Upon another request to change seats, the flight attendants moved the couple to seats at the front of the economy cabin, which had been reserved for staff.
Before landing, the flight attendants told them that an incident report had been filed and that SIA would be in contact with them.
But after a week passed with no news, Mrs Press e-mailed her complaints to the airline.
Two weeks later, the airline responded, offering them gift vouchers worth $200 to use on the KrisShop website. Mrs Press rejected the offer as she felt it was inadequate compensation for the cheaper seats they ended up taking.
After another three weeks, the airline offered them travel vouchers worth $320 instead. But Mrs Press said nothing short of a full refund would do. It is not known how much their tickets cost.
“We didn’t receive the experience we paid for,” she told Stuff.
In response to queries from The Straits Times, an SIA spokesman said: “Singapore Airlines endeavours to notify customers who may be seated next to an assistance dog prior to boarding.
“In circumstances where customers seated next to an assistance dog request to be moved, Singapore Airlines will assist to re-seat customers within the same cabin where space permits.
“In this instance, we were unable to move Mr and Mrs Press within the same cabin as the premium economy class cabin was full.”
When asked about the timeline for customers seeking compensation, SIA said: “The duration of the process is subject to the complexity of the issue.”

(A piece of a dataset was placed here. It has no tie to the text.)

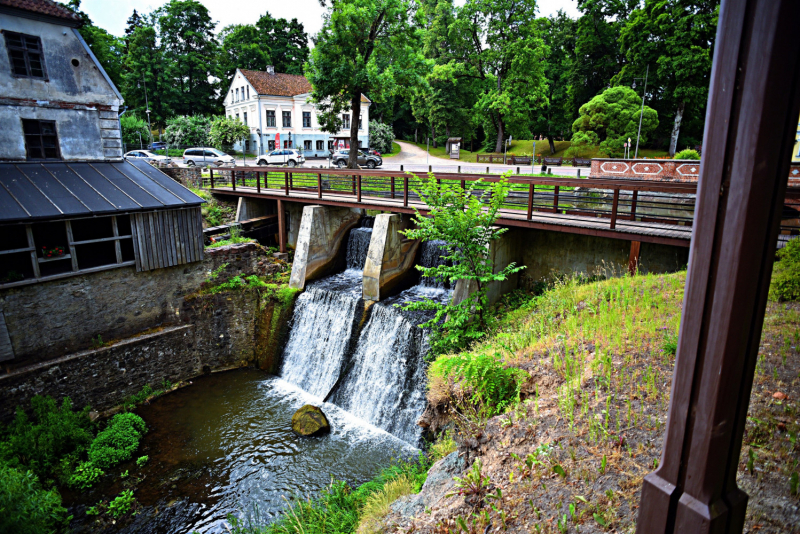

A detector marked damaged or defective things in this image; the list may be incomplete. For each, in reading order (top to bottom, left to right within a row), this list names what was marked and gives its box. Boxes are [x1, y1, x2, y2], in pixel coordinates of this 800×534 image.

broken window [3, 31, 46, 80]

Emotional support animals are pets certified as necessary for the mental health of their owners by a mental health professional.
They are distinct from service or assistance animals – like seeing-eye dogs – that are trained to assist those with disabilities in daily life.
In the United States, emotional support animals can accompany owners into typically no-pet zones like restaurants, shops and on board flights.
The designation allows them to fly with their owners uncaged and free of charge.
Since April 1, SIA has banned emotional support dogs on board its flights though it is still honouring travel for customers – and their dogs – who had made a request and submitted the required documentation prior to the date.
Approved assistance dogs are still allowed on board.